Presokratik felsefenin doğuşunu ele alan Felsefenin Başlangıcı kitabını Parmenides'e atıfla sona erdiren Gadamer Türkçeye Bilginin Başlangıcı adıyla çevrilen kitabında ise Heraklieatos'u ve Heraklieatos geleneğini konu ediniyor. "Değişendeki birliği tanımak ve onun sıkıca ttma"nın yeni bir buyruk gibi olduğunu söyleyen Gadamer tüm Heraklieatos önermelerini tek bir hakikate dönüştürdüğünü iddia eder. Demokritos'un atom teorisinden başlayıp Galileo'nun üzerinden geçerek insan bilgisine ve becerisine konan sınırları hatırlatan Gadamer, bilimsel kültürün yeterliliğinin aydınlanmanın eşlik etmesine borçlu olduğun vurgular. Heraklieatos'un özünde bir aydınlanma figürü olduğunu, sofistik teatralliği olmayan bir düşünür olduğunu ifade eden Gadamer'in bu sınırları düşünmeye Heraklieatos üzerine yorumlarla başlamasının da şaşırtıcı olmadığını söylemek gerekir.


1 yorum:

  1. Bence birbirleri ile yakın tarihlerde bile yaşamalarına gerek yoktu. Zira tüm hava Bir-ile Çok - Statik-Akış gerilimi ile doluydu büyük bi alanda. Ve tüm Ege düşünsel üretimi bu iki kutuba olan tavırların hikayesi denebilir.

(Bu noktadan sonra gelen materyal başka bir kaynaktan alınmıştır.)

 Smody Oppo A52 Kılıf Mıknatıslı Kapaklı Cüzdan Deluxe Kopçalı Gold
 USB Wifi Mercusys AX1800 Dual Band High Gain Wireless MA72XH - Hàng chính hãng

Asıl dipnot bi kişiye değil iki kişi arasına bence. Niçe tam bu ortadaki gerilimde bir tarafı seçmiştir. Eyvallah olsun. Fizikteki, siyasetteki izdüşümleri damga vuruyor hala günümüze. Felsefe ölmüş mü bilemem. Fakat öldüyse bu sorunu çözemeden, gitmiş. Bu kadim gerilim de, postmodern bir tavırla, ne sorunsallaştırmanın kendisini tarihsel olumsallığı öne sürülerek gayrimeşru sayılabilir ne de tüm meta söylemlerden azade olabilme arzusuyla geçiştirilebilir. Zira bu tavrın kendisi ve bu tavrı olanaklı kılan yaşamdünyasının kendisi aynı gerilime dair alınan bir tavrın hatta bir dans gestureı gibi bir dinamik-konumlanışın tarihsel olumsallığıyla aynı şekilde gayrimeşru sayılabilir. Kısır döngülerden kurtulmayı amaçlayarak geride bıraktığımız metafiziksel oyunların içinden hala çıkamadığımızı görmek istemeyiz. "Yok" denir çünkü artık. Ne kadar büyü gibi aslında.. "Ol" deyince oluyor, "yok" deyince olmuyor. Fakat büyüler de başka bir tarihsel olumsallığın ürünü... O zaman, ya leyli, ey ruzz diyelim de bu halen mevcut gerilimdeki karanlık yerler aydınlansın.